Gotcha

Any parent with more than one child knows the “Gotcha” game. The kids are strapped safely into the back seat, and Child A begins poking Child B, Child B screams about the unfairness of it while poking back at Child A, poking turns into swatting, and swatting turns into hitting and ……yeah, it’s a mess. Each child is equally outraged by the indignity of the poke while also doing the exact same thing.

This week has felt like a massive game of Gotcha in pretty much every area of my life.

It certainly occurred on a national scale, as the horror show at the nation’s Capitol played out. While flipping through news stations with every possible political bent (in a desperate search for unbiased reporting), I kept hearing the same message, “Well….THEY started it! THEY poked first!” You can insert “they” with the name of any opposing political party.

The Gotcha game dominated my Facebook threads this week. People I love and care about were using the cover of seemingly kind and strong stances to also take an underhanded jab at a family member or colleague with differing views. While most would scroll past after a quick click on the little heart or thumbs up icon, those with just a smidge of backstory know it was meant to poke a chosen one (or few). The post was a Trojan Horse of hurt. Gotcha.

A parent and child I work closely with, working on communicating without arguing, quickly escalated a missing homework assignment discussion into cuts and wounds so deep they hopefully will be forgiven, but never forgotten.

“Did you mean to slice your mom wide open with that?” I asked. The teen looked at me, horrified, and said, “NO! I would never want to hurt her like that”. Well, you did. You got her, and you got her good. Gotcha.

The Gotcha game’s greatest power lies in it’s ability to pull people away from real issues. It becomes more about being “right”, being vindicated, getting the last word, the last jab, than it is about any form of true resolution.

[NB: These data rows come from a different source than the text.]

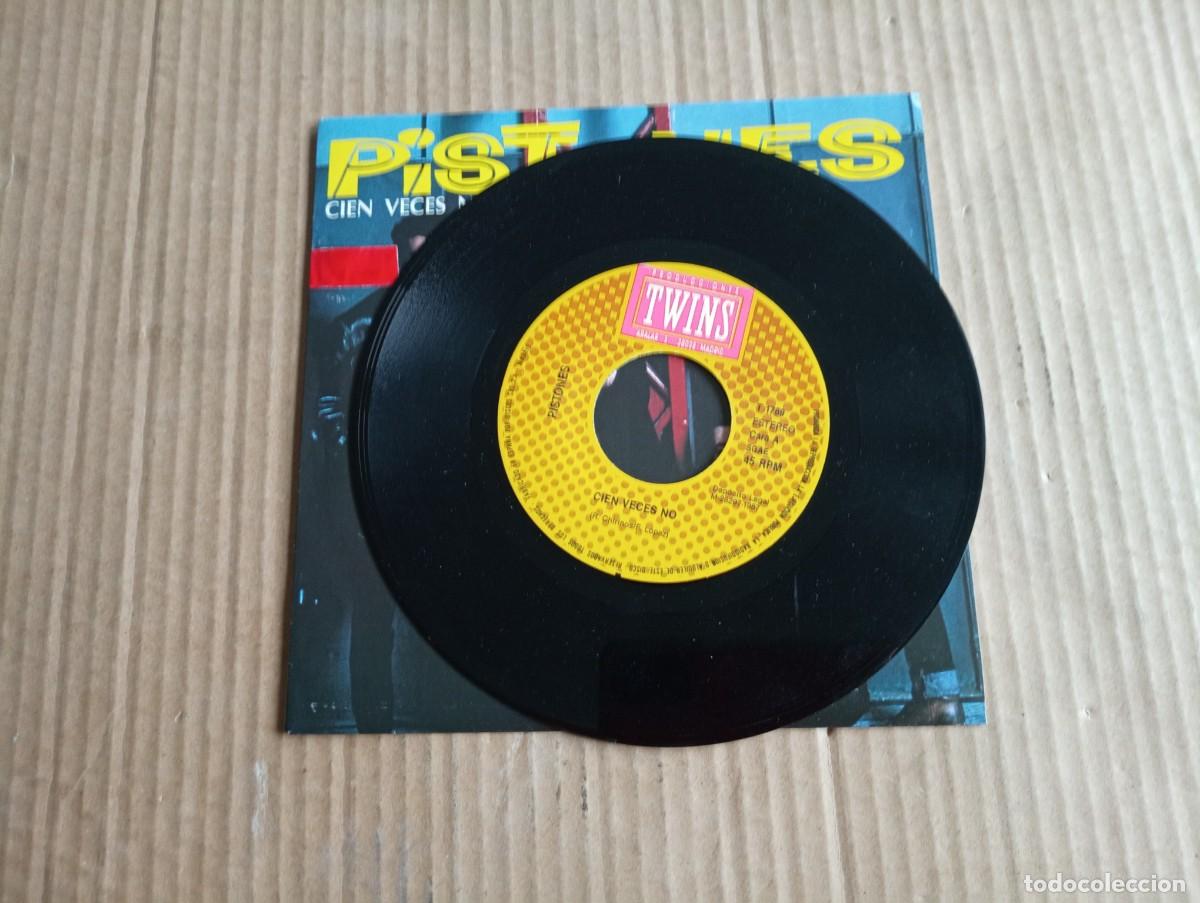 Discos de vinilo: PISTONES - CIEN VECES NO SINGLE 1987 - Foto 2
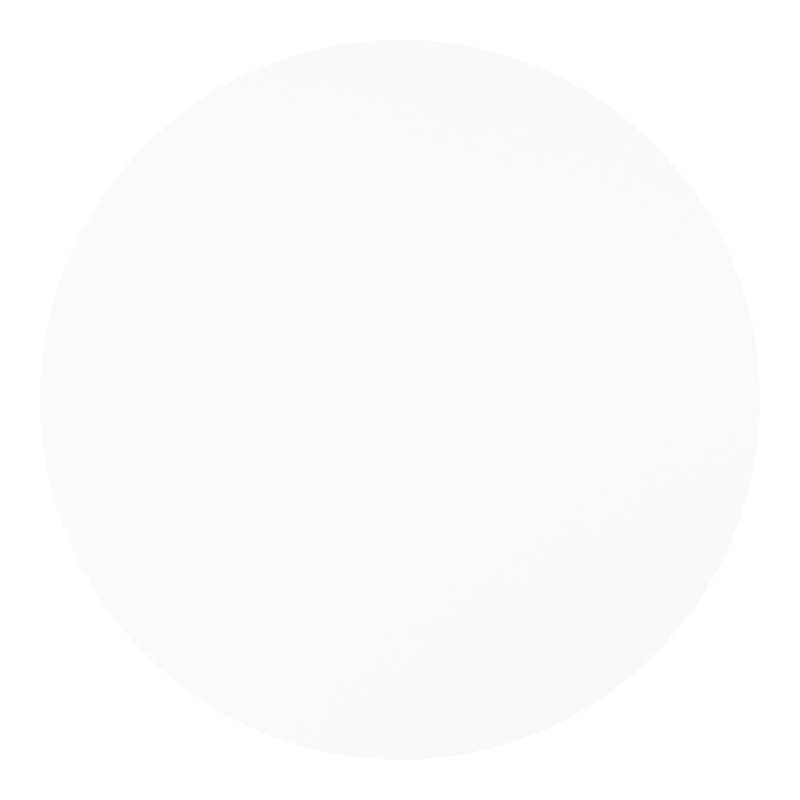 Fano tuintafel in wit aluminium en volkeramiek arctic white - Dia. 148 x H 75 cm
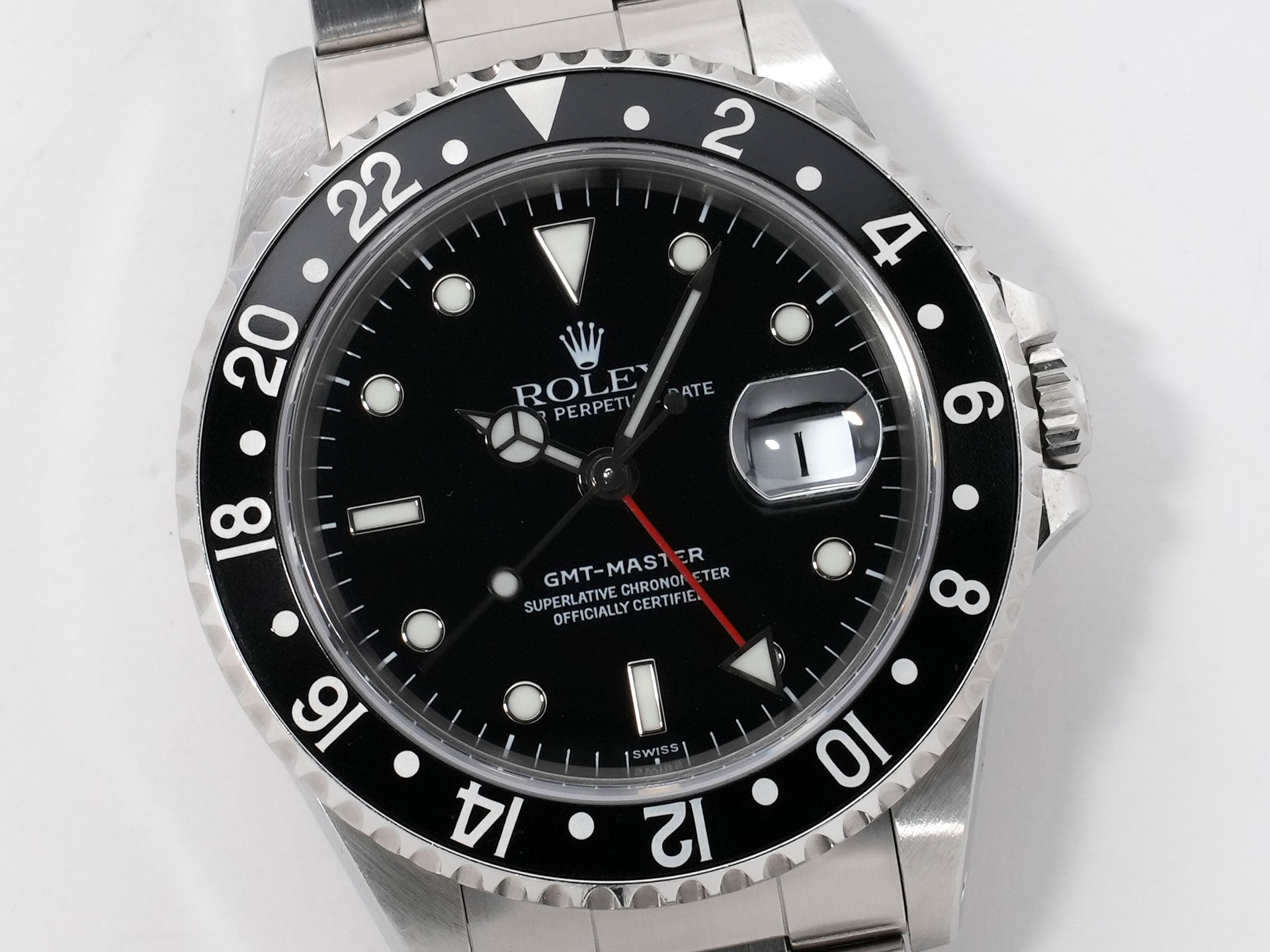 ロレックス GMTマスター Ref.16700 ステンレススチール ブラック文字盤 オイスターブレスレット 中古 2mhu3awf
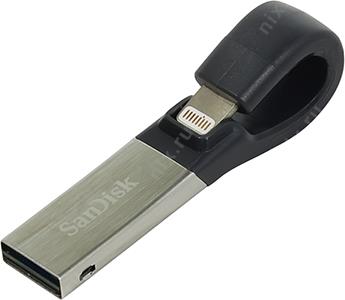 SanDisk iXpand for iPhone and iPad SDIX30C-128G-GN6NE USB/Lightning Flash Drive 128Gb (RTL)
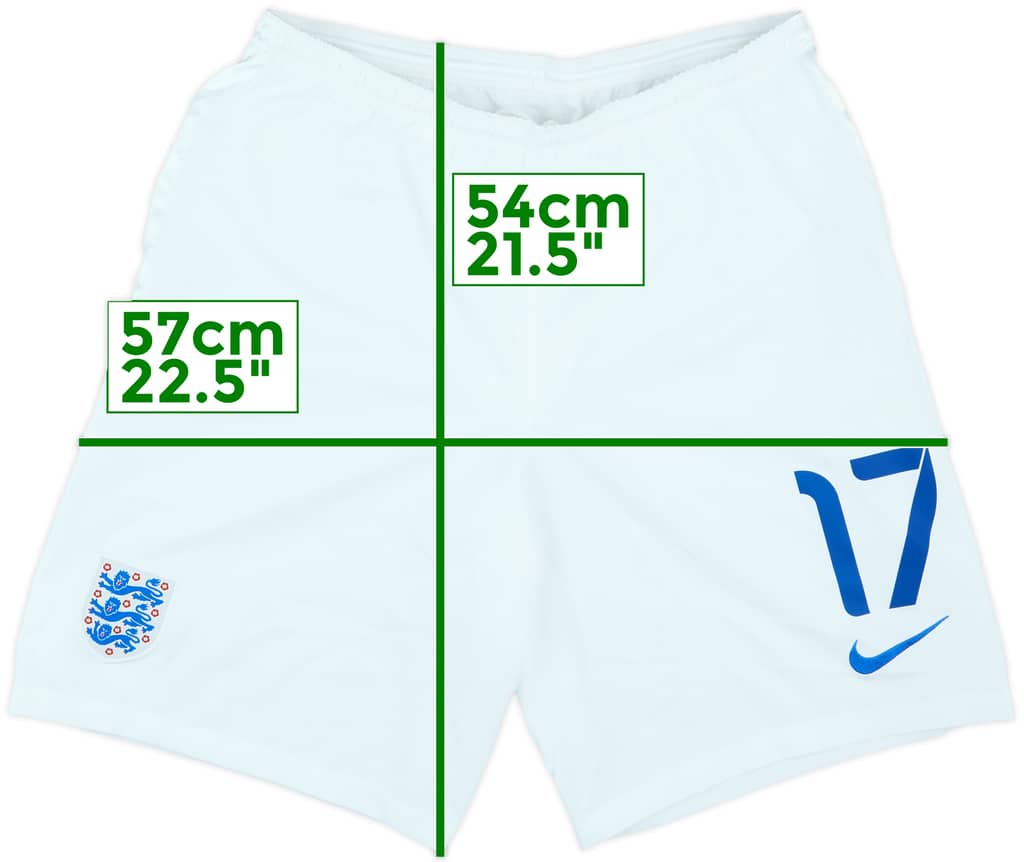 2014-15 England Player Issue Home Shorts #17 - 5/10 - (L)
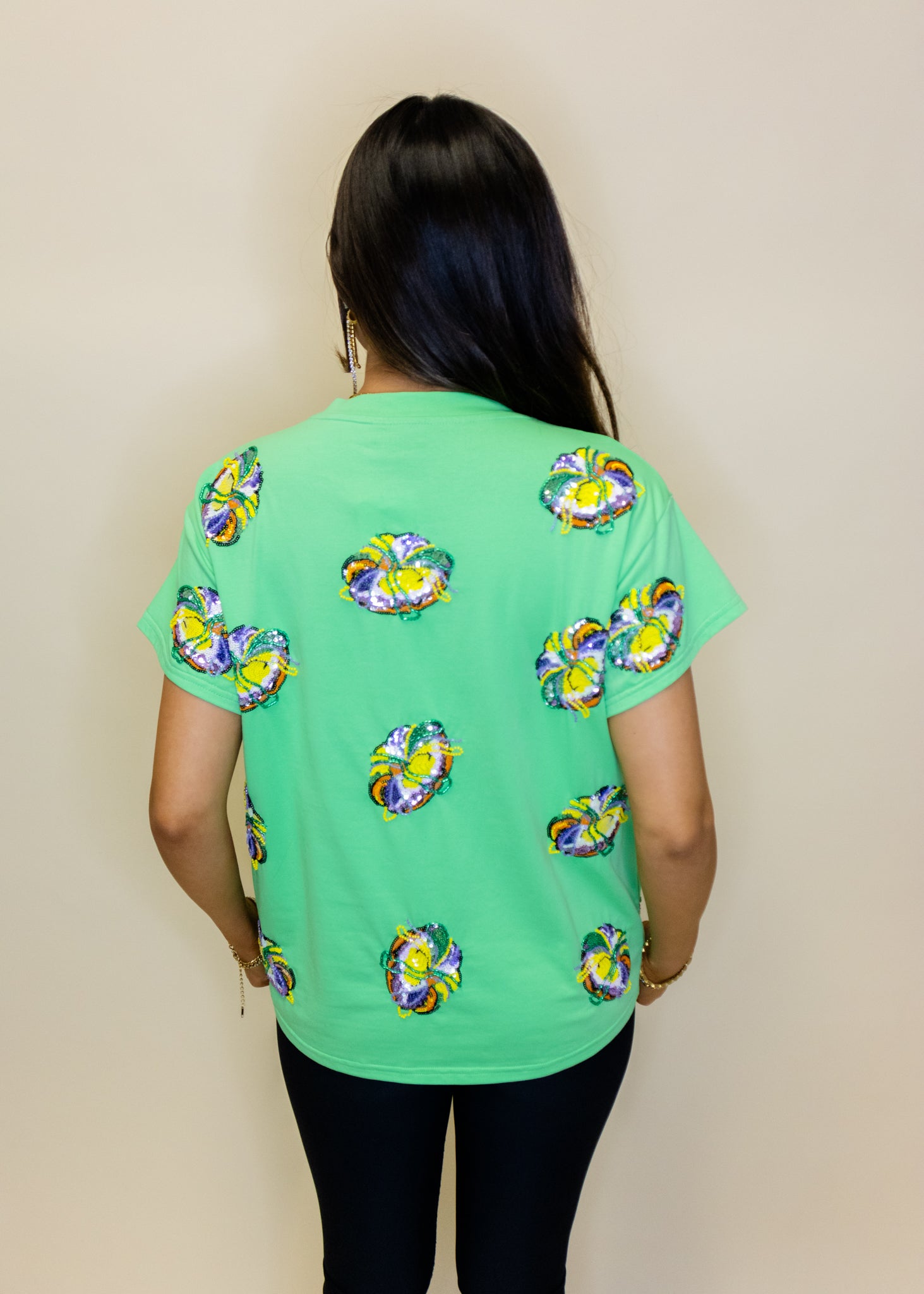 Green Scattered King Cake Tee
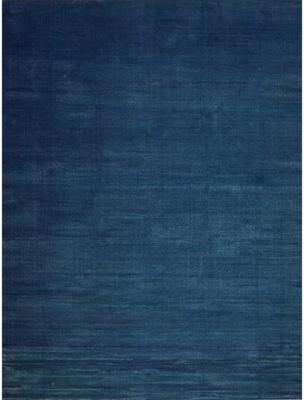 Exquisite Rugs Velutto Modern handloomed Silky Nylon Navy Area Rug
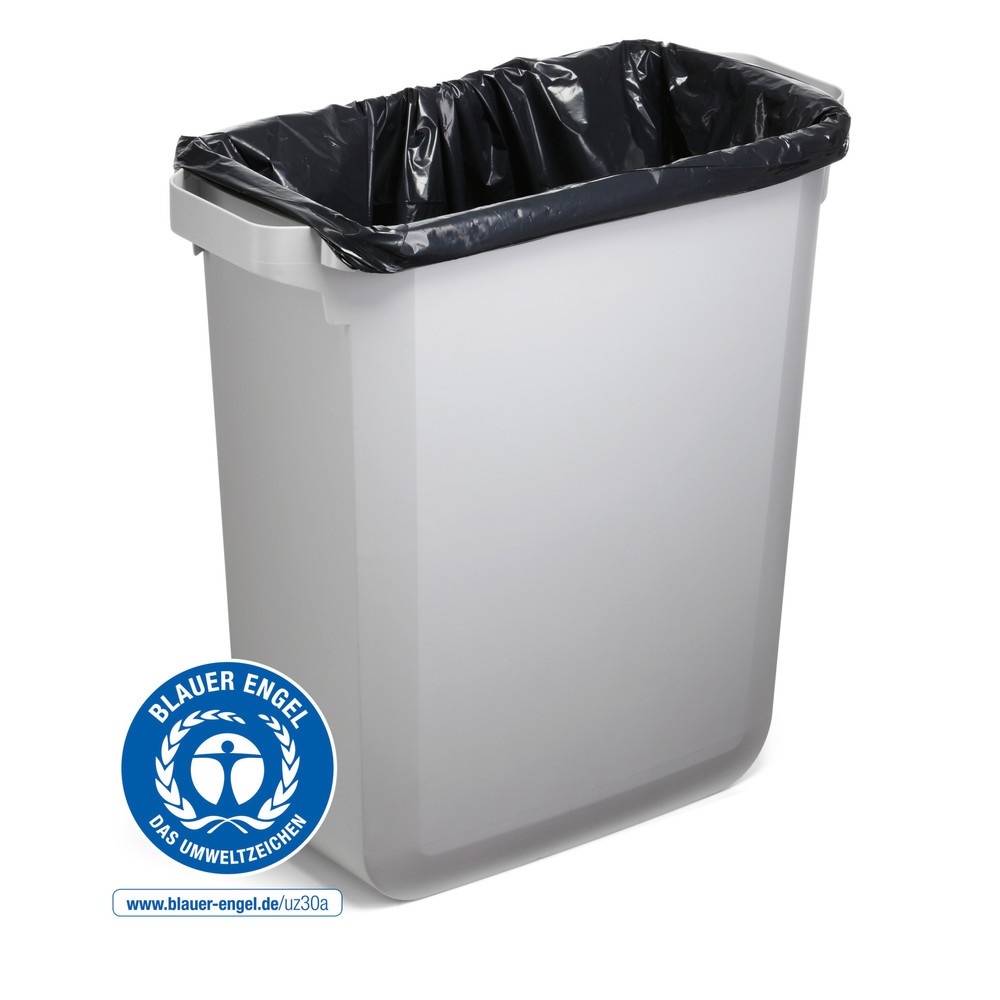Produktabbildung Nr. 7: DURABLE Abfallbehälter DURABIN® ECO 60L mit Deckel + Info-Rahmen DURAFRAME®, grau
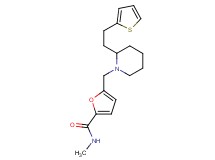 N-methyl-5-({2-[2-(2-thienyl)ethyl]-1-piperidinyl}methyl)-2-furamide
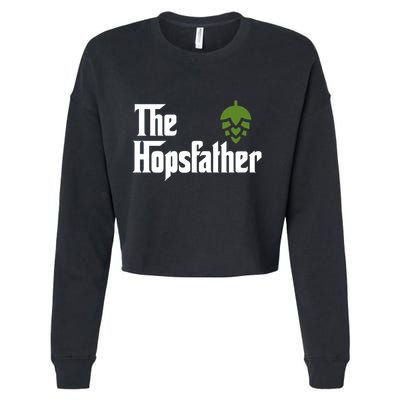 The Hops Father Funny Homebrew Gift For Dad Cropped Pullover Crew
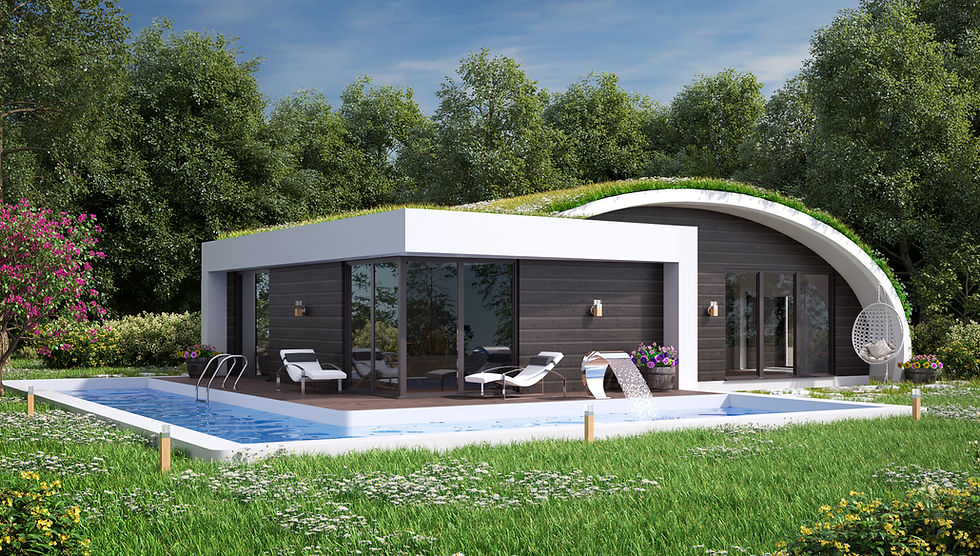 Ejemplo de construcción de una casa prefabricada "Eco Passive House"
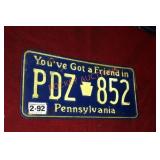 Pa you got a friend license plate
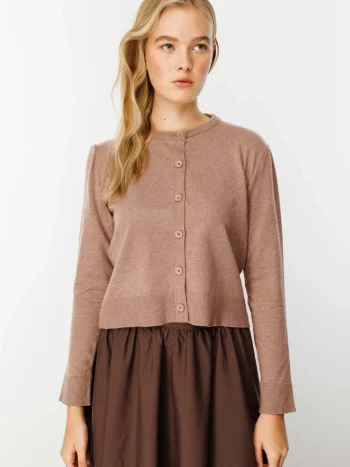 Premium V-Neck Viscose Knit Cardigan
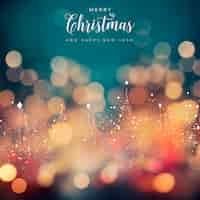 Free PSD merry christmas bokeh background template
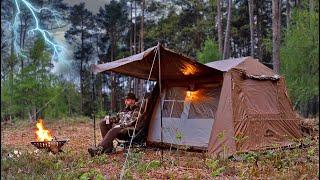 I bought a New Tent & Used it in a Thunder Storm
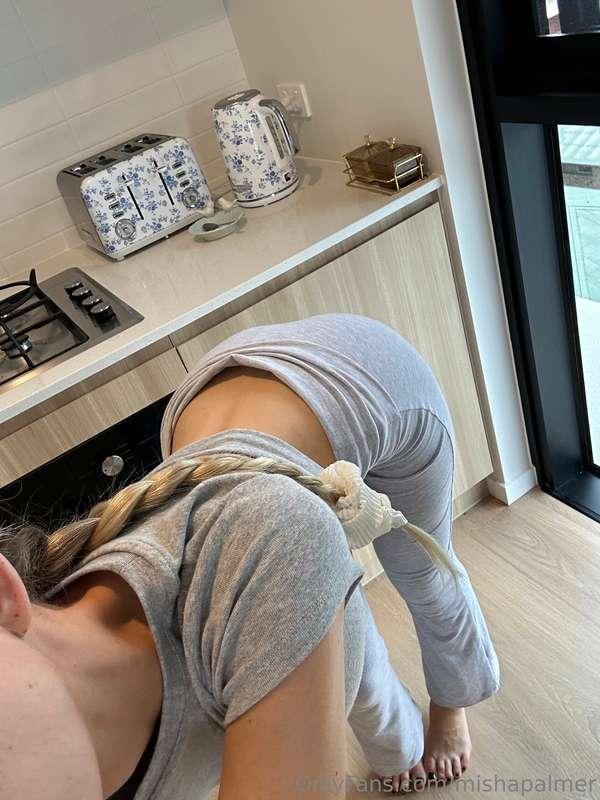 Would you spank me as you’re passing me by in the kitchen? 🩶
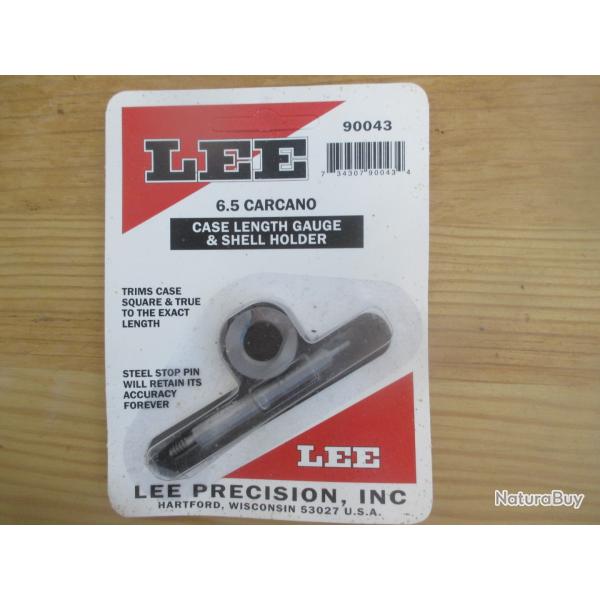 Case Length Gauge et Shell Holder LEE neuf en 6,5 X 52 Carcano
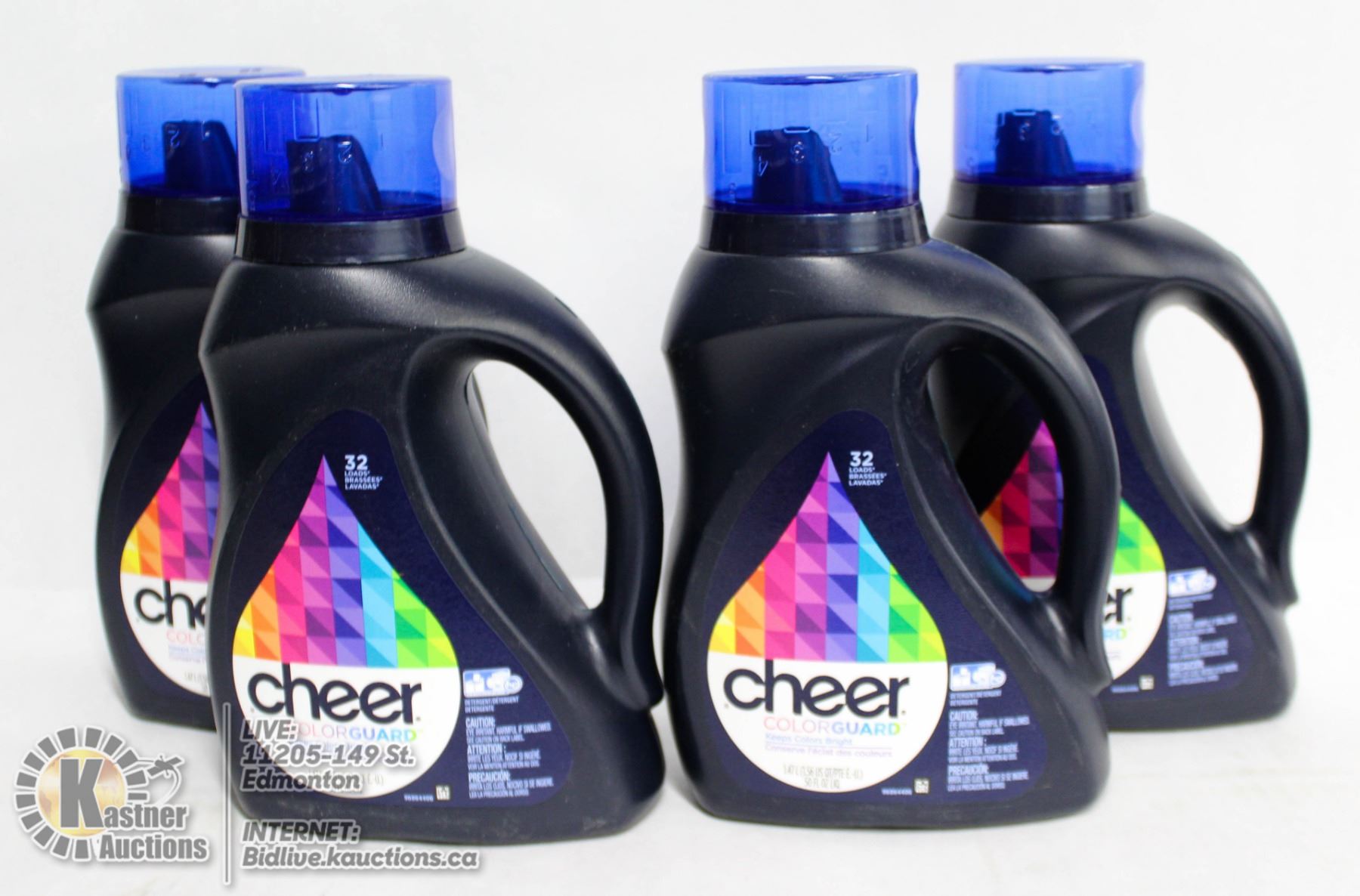 LOT OF 4 CHEER COLOR GUARD LAUNDRY DETERGENT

Passive-aggressiveness is not a pretty look on any of us. When we write a social media post that is benign to most but will cut to the quick for a certain intended reader, we’re putting on a passive-aggressive cloak and strutting around proudly, thinking we are so clever and subtle, and yet we march around like the Emperor’s New Clothes. Not a good look, indeed.

When the intention of our words are to poke another, we are so caught up in the Gotcha game that our words become weapons. We need to be careful that we don’t think we are part of any possible form of solution when we, too, are wrecklessly weilding weapons.

The Gotcha game’s danger is it delays us from focusing on justice and resolution. If we are poking, we are not healing. If we are poking, we are living in the past and not solution-oriented. If we are Hell-bent on one last jab, getting the last word, we are not moving forward.

We need to use our words. We MUST stand up against injustices whether they occur in a zoom session, the kitchen table, or the seat of world democracy. When we dress them up in thinly-veiled hostility, we dishonor the very principles we are trying to defend or represent.

We should be bold and confident enough in what we believe that we don’t need to play games with it. It dishonors the very things we say we represent.

I want my “weapon” to be peace, compassion, and responsible social impact. I want my words to be used to unite, not to divide. I want my words to be used to resolve conflicts, not keep them flamed. The Gotcha game stops when one person decides to not poke back, and use principled action instead.